Stored data
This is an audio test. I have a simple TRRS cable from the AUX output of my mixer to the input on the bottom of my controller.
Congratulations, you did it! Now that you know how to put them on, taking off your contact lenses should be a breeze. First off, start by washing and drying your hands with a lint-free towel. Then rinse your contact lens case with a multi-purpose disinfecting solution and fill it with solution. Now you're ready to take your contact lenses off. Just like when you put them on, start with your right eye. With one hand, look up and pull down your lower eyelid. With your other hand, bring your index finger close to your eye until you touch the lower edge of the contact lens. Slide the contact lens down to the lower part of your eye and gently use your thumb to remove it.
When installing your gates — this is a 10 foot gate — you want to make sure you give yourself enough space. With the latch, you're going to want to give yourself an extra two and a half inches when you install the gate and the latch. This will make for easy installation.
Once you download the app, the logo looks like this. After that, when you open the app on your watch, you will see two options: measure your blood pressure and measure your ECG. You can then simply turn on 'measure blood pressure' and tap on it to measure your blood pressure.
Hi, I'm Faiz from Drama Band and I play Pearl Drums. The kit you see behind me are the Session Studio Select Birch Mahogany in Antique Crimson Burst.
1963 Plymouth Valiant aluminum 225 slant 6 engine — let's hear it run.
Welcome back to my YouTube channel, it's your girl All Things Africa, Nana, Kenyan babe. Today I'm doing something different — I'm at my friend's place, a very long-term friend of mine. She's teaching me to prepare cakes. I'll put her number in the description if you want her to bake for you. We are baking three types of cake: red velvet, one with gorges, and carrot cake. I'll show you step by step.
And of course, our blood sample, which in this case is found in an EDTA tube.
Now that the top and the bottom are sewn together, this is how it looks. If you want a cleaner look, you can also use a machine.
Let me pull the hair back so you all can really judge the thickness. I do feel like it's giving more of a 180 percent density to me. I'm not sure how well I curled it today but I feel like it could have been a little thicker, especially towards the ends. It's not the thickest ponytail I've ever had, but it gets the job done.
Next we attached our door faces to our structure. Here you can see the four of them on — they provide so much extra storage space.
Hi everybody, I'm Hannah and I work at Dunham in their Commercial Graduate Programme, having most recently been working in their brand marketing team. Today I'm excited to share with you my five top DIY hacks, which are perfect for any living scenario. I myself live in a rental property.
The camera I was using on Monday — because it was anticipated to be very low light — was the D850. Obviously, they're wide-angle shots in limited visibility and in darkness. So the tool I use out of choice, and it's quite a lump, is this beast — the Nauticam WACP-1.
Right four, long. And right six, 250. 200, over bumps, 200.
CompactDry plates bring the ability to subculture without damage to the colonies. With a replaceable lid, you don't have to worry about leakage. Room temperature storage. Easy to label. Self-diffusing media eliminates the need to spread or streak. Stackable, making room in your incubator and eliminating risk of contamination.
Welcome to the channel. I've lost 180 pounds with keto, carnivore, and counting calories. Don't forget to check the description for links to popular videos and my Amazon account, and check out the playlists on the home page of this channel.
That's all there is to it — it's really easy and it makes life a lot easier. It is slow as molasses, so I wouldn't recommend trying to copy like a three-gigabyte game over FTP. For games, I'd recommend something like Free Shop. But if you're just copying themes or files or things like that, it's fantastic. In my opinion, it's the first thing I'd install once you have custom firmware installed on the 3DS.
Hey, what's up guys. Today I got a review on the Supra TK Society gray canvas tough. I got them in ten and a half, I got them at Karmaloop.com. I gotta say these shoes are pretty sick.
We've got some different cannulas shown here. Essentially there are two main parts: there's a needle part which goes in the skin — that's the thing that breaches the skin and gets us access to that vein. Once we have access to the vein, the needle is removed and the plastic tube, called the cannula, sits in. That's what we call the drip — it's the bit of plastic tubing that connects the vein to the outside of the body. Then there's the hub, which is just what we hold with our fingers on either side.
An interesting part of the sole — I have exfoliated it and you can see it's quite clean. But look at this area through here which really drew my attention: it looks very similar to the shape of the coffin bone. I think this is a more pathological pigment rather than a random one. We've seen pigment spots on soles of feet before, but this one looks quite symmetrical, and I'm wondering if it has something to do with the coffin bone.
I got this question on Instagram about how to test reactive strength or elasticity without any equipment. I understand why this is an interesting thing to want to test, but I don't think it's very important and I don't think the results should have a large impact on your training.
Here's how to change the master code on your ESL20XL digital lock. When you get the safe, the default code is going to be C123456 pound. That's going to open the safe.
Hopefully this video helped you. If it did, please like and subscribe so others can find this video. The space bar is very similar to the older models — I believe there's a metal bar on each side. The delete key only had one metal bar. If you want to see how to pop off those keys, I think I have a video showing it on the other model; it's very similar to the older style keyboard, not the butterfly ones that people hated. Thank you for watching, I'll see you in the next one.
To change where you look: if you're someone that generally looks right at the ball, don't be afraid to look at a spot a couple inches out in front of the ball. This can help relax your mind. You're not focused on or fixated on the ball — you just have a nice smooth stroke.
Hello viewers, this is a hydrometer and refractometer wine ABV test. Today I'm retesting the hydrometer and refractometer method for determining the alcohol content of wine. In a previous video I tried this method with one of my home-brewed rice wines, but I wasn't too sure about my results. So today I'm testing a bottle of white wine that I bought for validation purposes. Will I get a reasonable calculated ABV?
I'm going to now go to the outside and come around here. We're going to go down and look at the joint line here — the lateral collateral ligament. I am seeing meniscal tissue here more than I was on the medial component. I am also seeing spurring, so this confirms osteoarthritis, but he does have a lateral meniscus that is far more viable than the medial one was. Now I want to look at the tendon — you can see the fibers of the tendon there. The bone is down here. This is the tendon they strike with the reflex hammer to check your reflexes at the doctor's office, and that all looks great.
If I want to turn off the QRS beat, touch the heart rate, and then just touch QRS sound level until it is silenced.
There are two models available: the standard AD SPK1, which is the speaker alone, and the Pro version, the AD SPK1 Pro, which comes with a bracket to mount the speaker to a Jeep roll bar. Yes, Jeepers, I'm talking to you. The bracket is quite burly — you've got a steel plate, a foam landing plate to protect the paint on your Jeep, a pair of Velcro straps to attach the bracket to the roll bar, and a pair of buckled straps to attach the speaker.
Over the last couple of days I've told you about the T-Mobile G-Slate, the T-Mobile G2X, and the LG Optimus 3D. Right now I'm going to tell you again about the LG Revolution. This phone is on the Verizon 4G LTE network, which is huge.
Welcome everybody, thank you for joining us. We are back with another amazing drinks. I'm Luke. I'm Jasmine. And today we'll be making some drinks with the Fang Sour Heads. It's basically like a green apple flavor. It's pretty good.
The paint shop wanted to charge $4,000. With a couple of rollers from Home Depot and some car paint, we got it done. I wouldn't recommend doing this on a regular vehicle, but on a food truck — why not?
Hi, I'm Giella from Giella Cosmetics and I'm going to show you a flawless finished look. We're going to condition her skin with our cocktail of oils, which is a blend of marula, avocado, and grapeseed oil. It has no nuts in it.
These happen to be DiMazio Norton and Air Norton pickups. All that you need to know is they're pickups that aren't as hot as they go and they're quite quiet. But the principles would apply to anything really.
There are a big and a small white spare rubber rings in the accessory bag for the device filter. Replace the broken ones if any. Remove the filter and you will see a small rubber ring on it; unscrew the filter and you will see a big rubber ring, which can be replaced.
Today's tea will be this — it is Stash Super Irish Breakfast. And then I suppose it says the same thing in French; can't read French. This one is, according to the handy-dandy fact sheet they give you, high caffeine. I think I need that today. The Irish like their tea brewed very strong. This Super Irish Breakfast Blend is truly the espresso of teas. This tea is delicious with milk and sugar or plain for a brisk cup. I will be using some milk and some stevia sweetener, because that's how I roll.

Assigned task
Reproduce every line above. Keep it exact.

Exercise response
This is an audio test. I have a simple TRRS cable from the AUX output of my mixer to the input on the bottom of my controller.
Congratulations, you did it! Now that you know how to put them on, taking off your contact lenses should be a breeze. First off, start by washing and drying your hands with a lint-free towel. Then rinse your contact lens case with a multi-purpose disinfecting solution and fill it with solution. Now you're ready to take your contact lenses off. Just like when you put them on, start with your right eye. With one hand, look up and pull down your lower eyelid. With your other hand, bring your index finger close to your eye until you touch the lower edge of the contact lens. Slide the contact lens down to the lower part of your eye and gently use your thumb to remove it.
When installing your gates — this is a 10 foot gate — you want to make sure you give yourself enough space. With the latch, you're going to want to give yourself an extra two and a half inches when you install the gate and the latch. This will make for easy installation.
Once you download the app, the logo looks like this. After that, when you open the app on your watch, you will see two options: measure your blood pressure and measure your ECG. You can then simply turn on 'measure blood pressure' and tap on it to measure your blood pressure.
Hi, I'm Faiz from Drama Band and I play Pearl Drums. The kit you see behind me are the Session Studio Select Birch Mahogany in Antique Crimson Burst.
1963 Plymouth Valiant aluminum 225 slant 6 engine — let's hear it run.
Welcome back to my YouTube channel, it's your girl All Things Africa, Nana, Kenyan babe. Today I'm doing something different — I'm at my friend's place, a very long-term friend of mine. She's teaching me to prepare cakes. I'll put her number in the description if you want her to bake for you. We are baking three types of cake: red velvet, one with gorges, and carrot cake. I'll show you step by step.
And of course, our blood sample, which in this case is found in an EDTA tube.
Now that the top and the bottom are sewn together, this is how it looks. If you want a cleaner look, you can also use a machine.
Let me pull the hair back so you all can really judge the thickness. I do feel like it's giving more of a 180 percent density to me. I'm not sure how well I curled it today but I feel like it could have been a little thicker, especially towards the ends. It's not the thickest ponytail I've ever had, but it gets the job done.
Next we attached our door faces to our structure. Here you can see the four of them on — they provide so much extra storage space.
Hi everybody, I'm Hannah and I work at Dunham in their Commercial Graduate Programme, having most recently been working in their brand marketing team. Today I'm excited to share with you my five top DIY hacks, which are perfect for any living scenario. I myself live in a rental property.
The camera I was using on Monday — because it was anticipated to be very low light — was the D850. Obviously, they're wide-angle shots in limited visibility and in darkness. So the tool I use out of choice, and it's quite a lump, is this beast — the Nauticam WACP-1.
Right four, long. And right six, 250. 200, over bumps, 200.
CompactDry plates bring the ability to subculture without damage to the colonies. With a replaceable lid, you don't have to worry about leakage. Room temperature storage. Easy to label. Self-diffusing media eliminates the need to spread or streak. Stackable, making room in your incubator and eliminating risk of contamination.
Welcome to the channel. I've lost 180 pounds with keto, carnivore, and counting calories. Don't forget to check the description for links to popular videos and my Amazon account, and check out the playlists on the home page of this channel.
That's all there is to it — it's really easy and it makes life a lot easier. It is slow as molasses, so I wouldn't recommend trying to copy like a three-gigabyte game over FTP. For games, I'd recommend something like Free Shop. But if you're just copying themes or files or things like that, it's fantastic. In my opinion, it's the first thing I'd install once you have custom firmware installed on the 3DS.
Hey, what's up guys. Today I got a review on the Supra TK Society gray canvas tough. I got them in ten and a half, I got them at Karmaloop.com. I gotta say these shoes are pretty sick.
We've got some different cannulas shown here. Essentially there are two main parts: there's a needle part which goes in the skin — that's the thing that breaches the skin and gets us access to that vein. Once we have access to the vein, the needle is removed and the plastic tube, called the cannula, sits in. That's what we call the drip — it's the bit of plastic tubing that connects the vein to the outside of the body. Then there's the hub, which is just what we hold with our fingers on either side.
An interesting part of the sole — I have exfoliated it and you can see it's quite clean. But look at this area through here which really drew my attention: it looks very similar to the shape of the coffin bone. I think this is a more pathological pigment rather than a random one. We've seen pigment spots on soles of feet before, but this one looks quite symmetrical, and I'm wondering if it has something to do with the coffin bone.
I got this question on Instagram about how to test reactive strength or elasticity without any equipment. I understand why this is an interesting thing to want to test, but I don't think it's very important and I don't think the results should have a large impact on your training.
Here's how to change the master code on your ESL20XL digital lock. When you get the safe, the default code is going to be C123456 pound. That's going to open the safe.
Hopefully this video helped you. If it did, please like and subscribe so others can find this video. The space bar is very similar to the older models — I believe there's a metal bar on each side. The delete key only had one metal bar. If you want to see how to pop off those keys, I think I have a video showing it on the other model; it's very similar to the older style keyboard, not the butterfly ones that people hated. Thank you for watching, I'll see you in the next one.
To change where you look: if you're someone that generally looks right at the ball, don't be afraid to look at a spot a couple inches out in front of the ball. This can help relax your mind. You're not focused on or fixated on the ball — you just have a nice smooth stroke.
Hello viewers, this is a hydrometer and refractometer wine ABV test. Today I'm retesting the hydrometer and refractometer method for determining the alcohol content of wine. In a previous video I tried this method with one of my home-brewed rice wines, but I wasn't too sure about my results. So today I'm testing a bottle of white wine that I bought for validation purposes. Will I get a reasonable calculated ABV?
I'm going to now go to the outside and come around here. We're going to go down and look at the joint line here — the lateral collateral ligament. I am seeing meniscal tissue here more than I was on the medial component. I am also seeing spurring, so this confirms osteoarthritis, but he does have a lateral meniscus that is far more viable than the medial one was. Now I want to look at the tendon — you can see the fibers of the tendon there. The bone is down here. This is the tendon they strike with the reflex hammer to check your reflexes at the doctor's office, and that all looks great.
If I want to turn off the QRS beat, touch the heart rate, and then just touch QRS sound level until it is silenced.
There are two models available: the standard AD SPK1, which is the speaker alone, and the Pro version, the AD SPK1 Pro, which comes with a bracket to mount the speaker to a Jeep roll bar. Yes, Jeepers, I'm talking to you. The bracket is quite burly — you've got a steel plate, a foam landing plate to protect the paint on your Jeep, a pair of Velcro straps to attach the bracket to the roll bar, and a pair of buckled straps to attach the speaker.
Over the last couple of days I've told you about the T-Mobile G-Slate, the T-Mobile G2X, and the LG Optimus 3D. Right now I'm going to tell you again about the LG Revolution. This phone is on the Verizon 4G LTE network, which is huge.
Welcome everybody, thank you for joining us. We are back with another amazing drinks. I'm Luke. I'm Jasmine. And today we'll be making some drinks with the Fang Sour Heads. It's basically like a green apple flavor. It's pretty good.
The paint shop wanted to charge $4,000. With a couple of rollers from Home Depot and some car paint, we got it done. I wouldn't recommend doing this on a regular vehicle, but on a food truck — why not?
Hi, I'm Giella from Giella Cosmetics and I'm going to show you a flawless finished look. We're going to condition her skin with our cocktail of oils, which is a blend of marula, avocado, and grapeseed oil. It has no nuts in it.
These happen to be DiMazio Norton and Air Norton pickups. All that you need to know is they're pickups that aren't as hot as they go and they're quite quiet. But the principles would apply to anything really.
There are a big and a small white spare rubber rings in the accessory bag for the device filter. Replace the broken ones if any. Remove the filter and you will see a small rubber ring on it; unscrew the filter and you will see a big rubber ring, which can be replaced.
Today's tea will be this — it is Stash Super Irish Breakfast. And then I suppose it says the same thing in French; can't read French. This one is, according to the handy-dandy fact sheet they give you, high caffeine. I think I need that today. The Irish like their tea brewed very strong. This Super Irish Breakfast Blend is truly the espresso of teas. This tea is delicious with milk and sugar or plain for a brisk cup. I will be using some milk and some stevia sweetener, because that's how I roll.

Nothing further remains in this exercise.